Un trésor redécouvert en 2020
Les réfugié·es ne restent parfois que quelques semaines avant que des proches viennent les récupérer. Certain·es parviennent à fuir en Suisse. Mais la bulle d’Izieu finit par se fissurer. À l’automne 1943, lorsque l’Italie capitule face aux Alliés, l’Allemagne reprend la main sur le sud-est de la France, les déportations s’accélèrent. Le 6 avril 1944, la Gestapo déboule devant la colonie. L’ordre vient de Klaus Barbie, l’un des responsables de la police politique à Lyon. Le télex qui rend compte de la déportation des enfants jouera un rôle déterminant dans sa condamnation, en 1987, pour crime contre l’humanité. Quarante-quatre enfants ainsi que sept éducateurs et éducatrices sont arrêté·es. La quasi-totalité d’entre eux·elles est assassinée à leur arrivée à Auschwitz ou fusillée. Seule une adulte survivra à la déportation.
Ce jour-là, Sabine Zlatin s’était absentée de la maison quand la Gestapo est arrivée. Elle échappe à la rafle. De retour à Izieu, elle empaquette les affaires des enfants et finit la guerre à Paris, dans la Résistance. En 1945, elle accueille les rescapé·es des camps à l’hôtel Lutetia. Pendant près de quarante ans, les bandes dessinées, mais aussi d’autres croquis, photos, lettres et petits mots, prières et cartes d’anniversaire, dorment dans ses archives. « Soigneusement gardés, jamais regardés car trop lourds de souvenirs », écrit-elle en 1994, un an après avoir confié la mémoire des enfants d’Izieu à la Bibliothèque nationale de France (BNF).
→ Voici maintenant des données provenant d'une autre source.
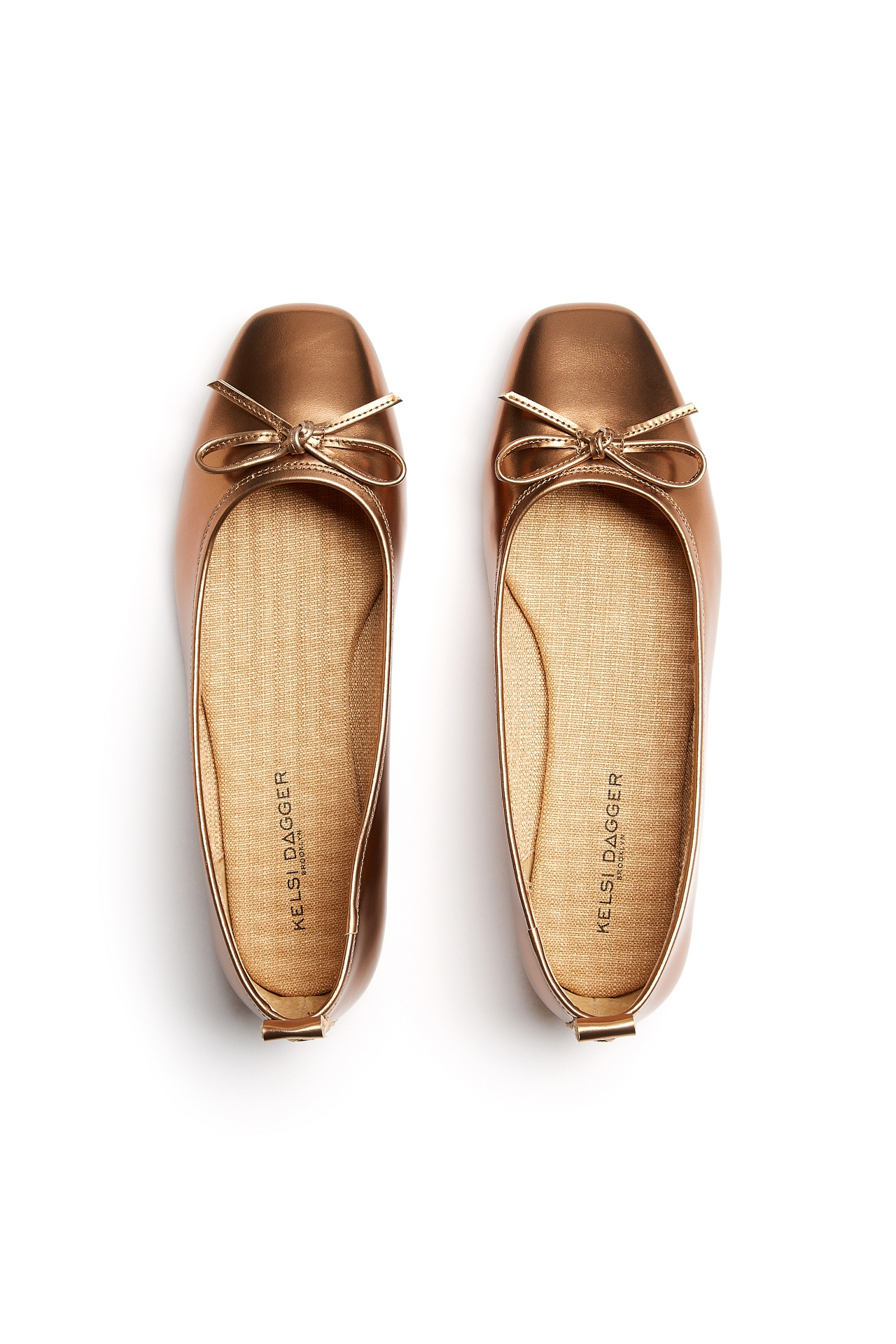Kelsi Dagger Brooklyn Frankie Ballet Flats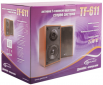 Акустична система Gemix TF-611 Beech - фото 5 - інтернет-магазин електроніки та побутової техніки TTT
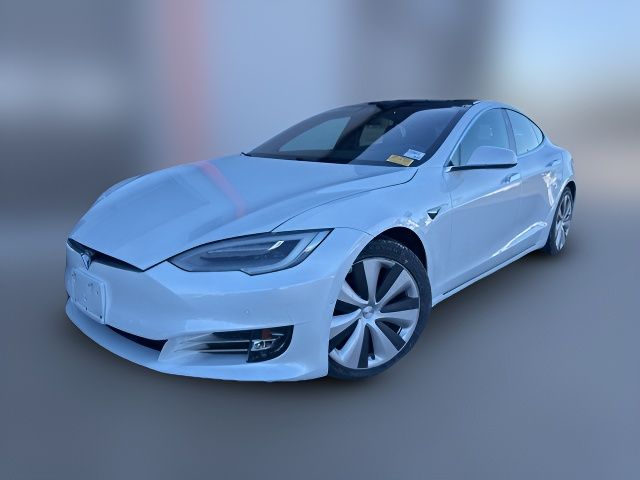 2020 Tesla Model S Long Range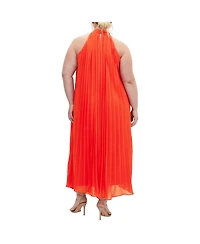 City Chic Plus Aida Maxi Dress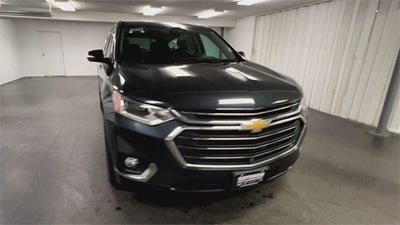 2021 Chevrolet Traverse Premier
Pendant plusieurs années encore, le petit trésor sommeille au département des estampes. Puis un conservateur le redécouvre et, en 2020, l’équipe qui veille sur la mémoire de la Maison d’Izieu est prise d’une idée folle : « Prolonger le geste des enfants de 1944 », résume Dominique Vidaud, en redonnant vie à Ivan Tsarawitch. L’école d’art Émile-Cohl, à Lyon, accepte de créer un petit film à partir des planches scannées, complétées et animées. L’enregistrement de la narration et des bruitages est confié à des élèves primo-arrivant·es en France, comme un pont entre deux générations de l’exil : ils·elles frappent leurs mains sur leur poitrine pour faire galoper les chevaux des Tatars, claquent deux livres l’un contre l’autre pour les coups de feu.
Depuis le 6 avril, Ivan Tsarawitch, ressuscité par l’animation, est projeté à Izieu comme lors des soirées de 1943–1944. Des dessins et documents originaux, prêtés par la BNF et l’avocat Serge Klarsfeld, sont exposés pour la première fois. Dominique Vidaud aime présenter la Maison comme un des rares mémoriaux « où des enfants ont vécu heureux ». Ce n’est pas une flamme qui ravive leur souvenir aujourd’hui, mais une lanterne magique.
Exposition Couleurs de l’insouciance. Paroles et images des enfants de la Maison d’Izieu dans les collections de la BNF, à la Maison d’Izieu (Ain), jusqu’au 6 juillet.